▸ **Data segment**
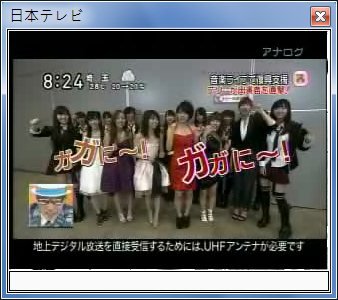 sshot-2.jpg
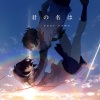 Reach Me - Kataware Doki (Your Name)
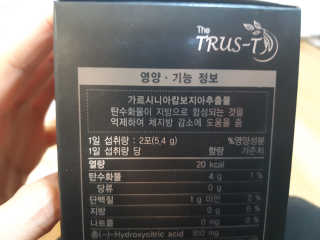 TRUS-T 트러스티44 TRUS-T 트러스티 44 다이어트 티백 — 5점을 준 리뷰어가 2019년 1월 올린 사용 사진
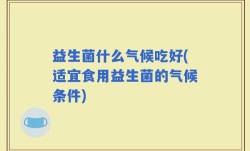 益生菌什么气候吃好(适宜食用益生菌的气候条件)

▸ **Work request**
Leave out the pictures and set down all of the data exactly.

▸ **Exercise solution**
 sshot-2.jpg
 Reach Me - Kataware Doki (Your Name)
 TRUS-T 트러스티44 TRUS-T 트러스티 44 다이어트 티백 — 5점을 준 리뷰어가 2019년 1월 올린 사용 사진
 益生菌什么气候吃好(适宜食用益生菌的气候条件)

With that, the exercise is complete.